MOSCOW - Russian President Dmitry Medvedev warned on Sunday that Kofi Annan represented the last chance for avoiding a civil war in Syria and offered the UN-Arab League envoy Moscow’s full support.
Medvedev’s stark message to Moscow’s traditional ally came only hours after US President Barack Obama announced plans to send “non-lethal” aid to the Syrian rebels and new waves of violence swept the battle-scarred country.
Russia has been facing mounting Western and Arab calls to step up pressure and stop delivering arms to President Bashar al-Assad’s regime after a year of violence that the opposition says has claimed more than 9,100 lives.
Moscow on Wednesday backed a non-binding Security Council statement after vetoing two previous resolutions. But it did so only after making sure the text contained no implicit threat of further action should Assad fail to comply.
Medvedev on Sunday appeared to be aiming his words at Assad directly by warning of dire consequences if Damascus ignored Annan’s peace plan.
“This may be the last chance for Syria to avoid a protracted and bloody civil war,” Medvedev told Annan at a meeting held in Moscow’s Vnukovo 2 airport before his departure for a summit in Seoul.
“We will be offering you our full support at any level at which we have a say,” said Medvedev.
“We very much hope that your efforts have a positive outcome.”
Annan replied that he expected Russia to play an “active” role in making sure that both sides follow the points of the UN Security Council-backed initiative.

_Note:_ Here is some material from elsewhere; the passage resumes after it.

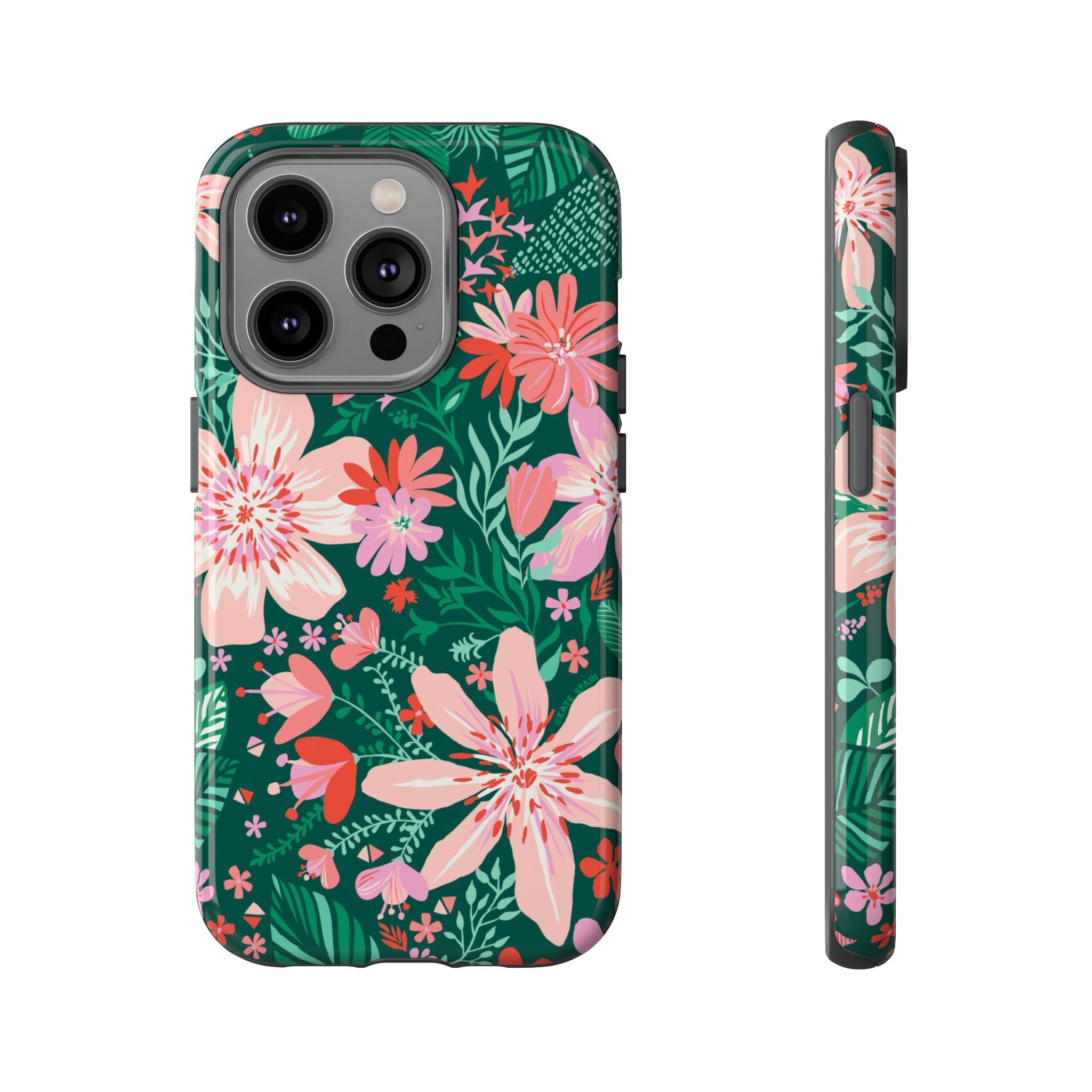 Bonaire Tough iPhone 14 Pro Case – Glossy | jade, pink, white tropical floral botanical print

The UN-Arab League envoy was expected in China on Tuesday to shore up backing for his efforts from the two UN Security Council members that had blocked previous efforts to condemn Assad’s regime.
China has also expressed support for Annan’s mission amid signs of quickly waning support for Assad from his traditional friends.

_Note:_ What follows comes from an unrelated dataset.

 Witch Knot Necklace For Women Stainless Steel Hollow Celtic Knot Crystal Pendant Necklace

The UN Security Council-backed peace plan requires Assad to pull back his forces from protest cities and provide immediate humanitarian access to the thousands of civilians trapped inside.
Meanwhile, blasts rocked the flashpoint city of Homs on Sunday as Syria’s regime pressed its assault on protest hubs, while rebels staged a dawn attack on a military base in Damascus province, activists and monitors said.

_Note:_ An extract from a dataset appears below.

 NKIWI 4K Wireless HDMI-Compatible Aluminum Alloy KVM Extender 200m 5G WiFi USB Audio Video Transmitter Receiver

There was “heavy shelling of Khaldiyeh, Hamidiyeh and Old Homs neighbourhoods by the regime’s army, and explosions shook the whole city,” the Local Coordination Committees said. The Syrian Observatory for Human Rights, a Britain-based monitoring group, said in a statement that four civilians were killed by security force fire in the Homs area.
Three, including an infant, died in Homs itself, while the fourth - a young girl - was killed in Rastan by heavy machinegun fire. The Britain-based monitoring group also said a member of the security forces was killed in Homs city.
In the city of Hama to the north, the Observatory reported that army shelling killed one civilian in the Murk district.
And in the southern town of Nawa, “tanks have entered the main streets, and heavy gunfire by regime forces is reported,” said the LCC, the main opposition activist group in Syria. Five troops and three mutinous soldiers were killed.